Tuesday, September 10, 2013

NASCAR Got It Right But Not Entirely

Last night, NASCAR announced penalties for Michael Waltrip Racing in connection to team orders leading to a deliberate spin by Clint Bowyer  to cause a caution. Drivers Bowyer, Martin Truex, Jr. and Brian Vickers were all docked 50 drivers points, general manager Ty Norris has been suspended indefinitely and Michael Waltrip Racing was fined $300,000.
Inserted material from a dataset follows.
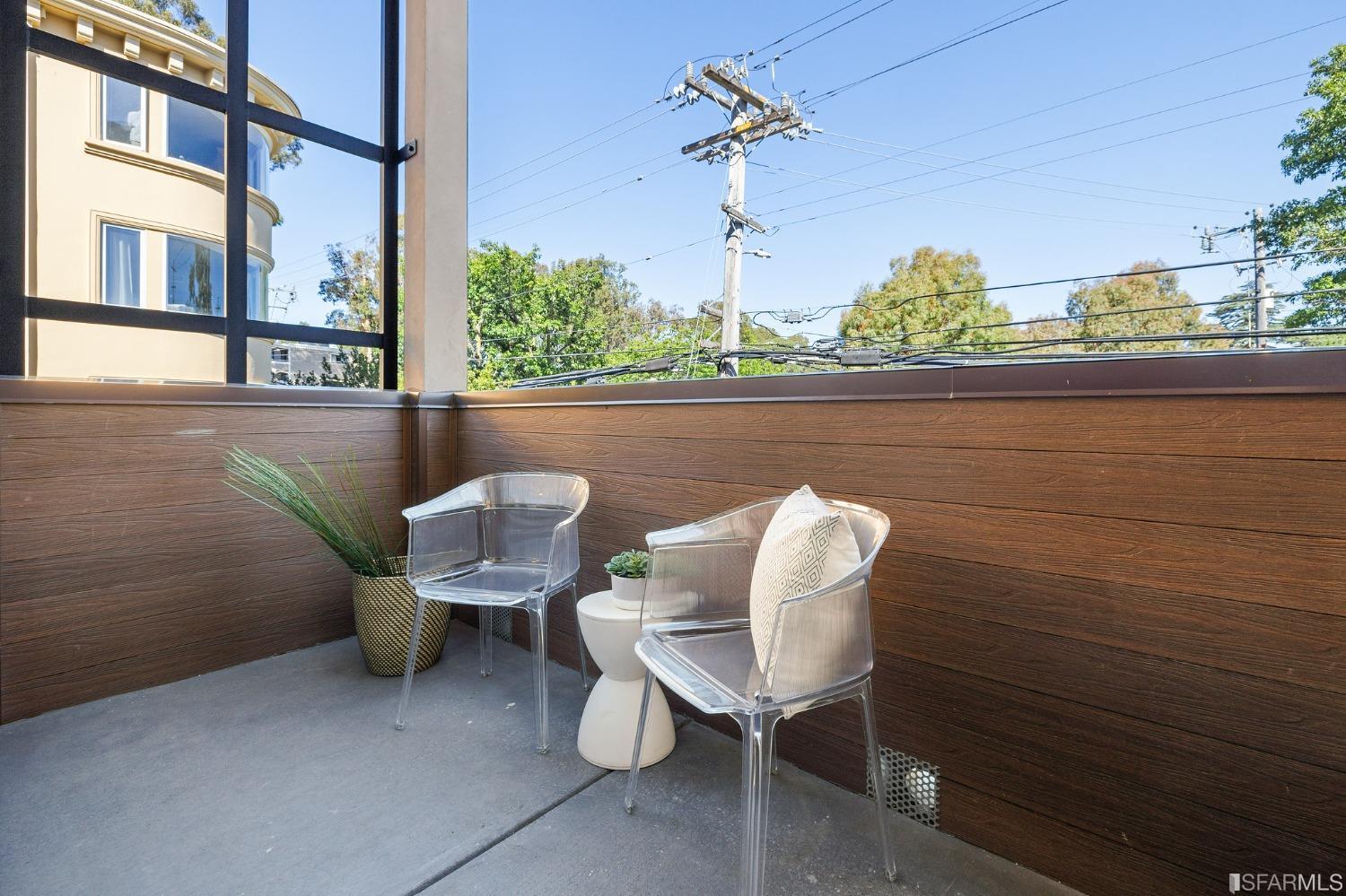 1493 Oak Grove Avenue Unit: 202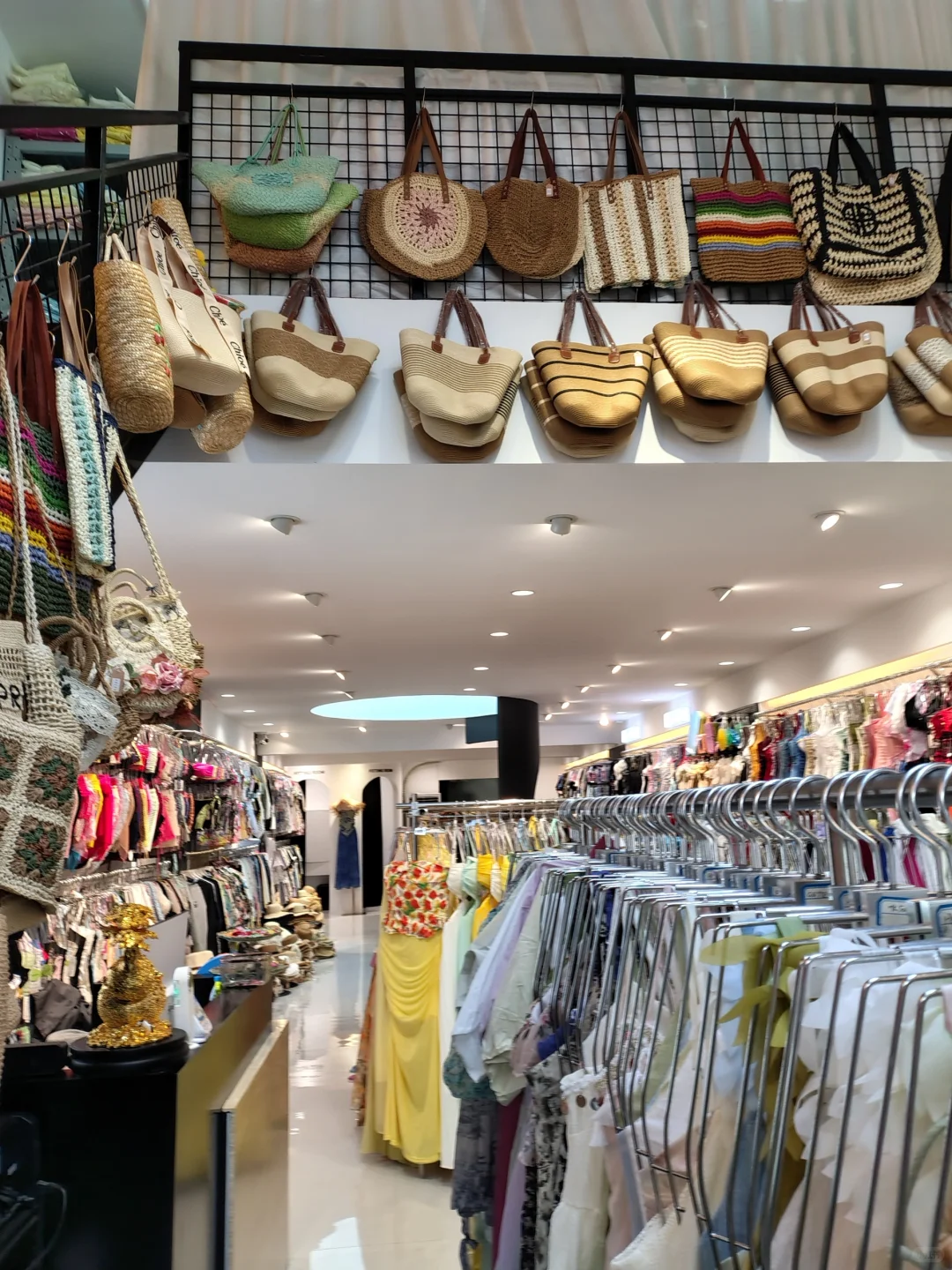 来三亚怎么能不穿各种各样的泳装沙滩裙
I applaud NASCAR for taking action but the penalties did not fairly disciplined the perpetrator. The penalties apply to the points after Richmond, not the Chase. So the points after Richmond saw Carl Edwards leading Jimmie Johnson by one point with Clint Bowyer in third with with Kevin Harvick, Kyle Busch, Matt Kenseth, Dale Earnhardt, Jr., Kurt Busch, Greg Biffle and Joey Logano rounding out the top five. Jeff Gordon was eleventh, a point behind Logano with Truex and Ryan Newman tied for twelfth and the final wild card with Truex holding the tiebreaker. Kasey Kahne clinched a wild card entering Richmond.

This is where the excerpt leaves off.